Missing time-series vs. Empty time-series
Lokad is about time-series forecasting, but as simple as the time-series model may seem to be (after all a time-series is nothing more than a list of time-value pairs), there are several subtleties in the way to manage time-series. In this post, we will see how the Lokad time-series model distinguishes missing time-value pairs from empty time-value pairs. Since the topic is slightly complex, I would suggest, if you’re not familiar the Lokad technology, to have a look at our User Guide (in particular, the Forecasting tasks section).
A practical situation
Let’s start with a practical real-life situation; let’s assume that we have a time-series that include 12 time-values, one value for each month of the year 2005 (starting January 2005, ending December 2005). We can imagine that this time-series represent the monthly sales of a web shop. At the time I am writing this post, it’s the beginning of January 2007. What happen if I insert now this time-series into my Lokad account and ask for a monthly forecast? Well, there is an ambiguity in the time-series model, because there would be two possibilities:
- Returning a forecast for January 2007 (let’s call it the clock-centric approach). In this case, we would be considering the 12 values for the year 2006 are simply missing. Thus, we skip them a produce a forecast nonetheless but based on the data of the year 2005.
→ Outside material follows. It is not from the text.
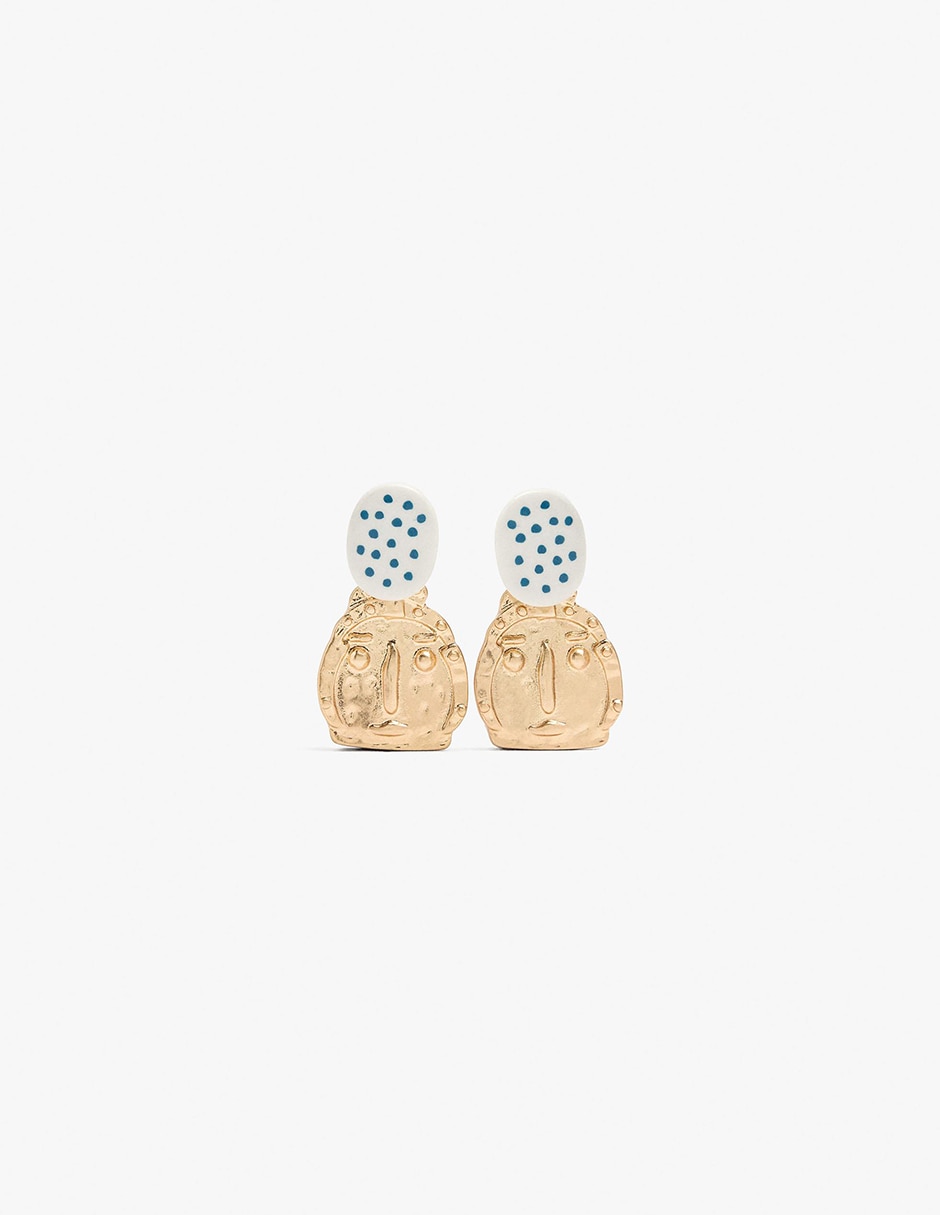 Aretes largos con acabado mate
- Returning a forecast for January 2006 (let’s call it the data-centric approach): The forecast is based on the last time-value pair available (i.e. December 2005 in the present situation), which is equivalent to the assumption that there is no missing values. In this case, the delivered forecast might refer to a period already part of the past.
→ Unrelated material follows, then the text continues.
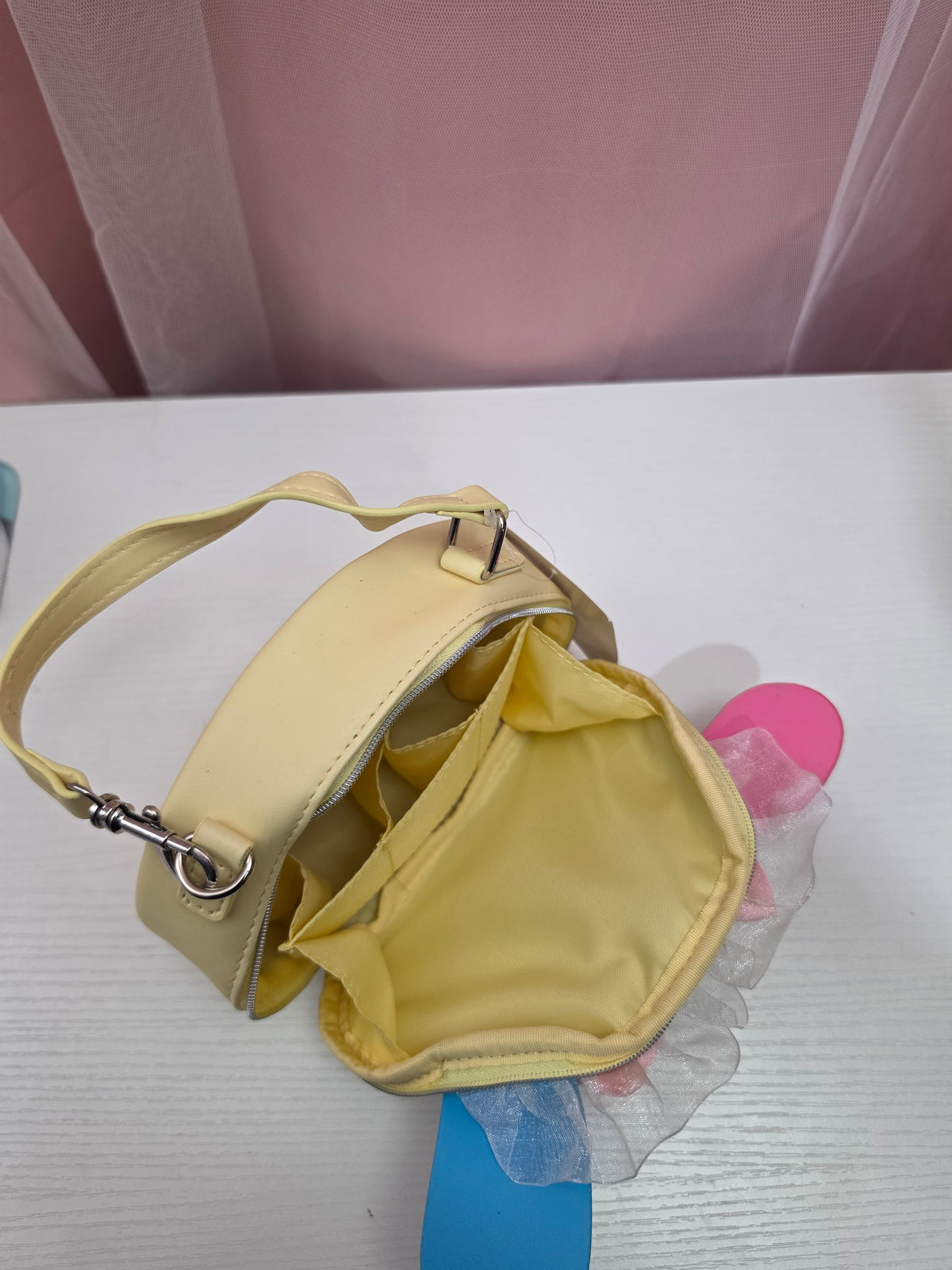 Usahana licensed handbag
Let’s make the things clear: Lokad has chosen the data-centric approach, if ask a monthly forecast for your 12 time-values ranging from January 2005 to December 2005, you will get a forecast for January 2006, no matter if you request the forecast at the beginning of 2006 or in a distant future. Lokad takes the last time-value pair of your time-series as a reference to compute the forecasts. This option has been chosen because we believe it’s closer to the business requirements.
Some arguments supporting the data-centric approach
Let’s review the arguments in favor of the data-centric approach:
- The data-centric approach has a persistent semantic. If the input time-series data do not change the forecast time-range do not either (yet the actual values of the forecast may change over time).
- The data-centric approach offers the possibility to benchmark the Lokad forecast services. You can import your 2005 product sales data in your Lokad account, get the forecast for 2006, and see how much difference lies between our forecasts and your historical record for 2006.
- The data-centric approach assumes that there is no missing data in your time-series data after the initial time-value pair. This assumption has the strong advantage: its simplicity. Indeed, in some data mining fields, missing data are very frequent (think medical surveys for example), but when it comes to time-series, it’s quite rare.
Yet, this approach involves a minor drawback: you need to handle explicitly the lack of data. For example, in the previous web shop situation, each product of the catalog may not have be sold even once a month. In such case, you must explicitly add a zero time-value in your time-series that represent this lack of sales.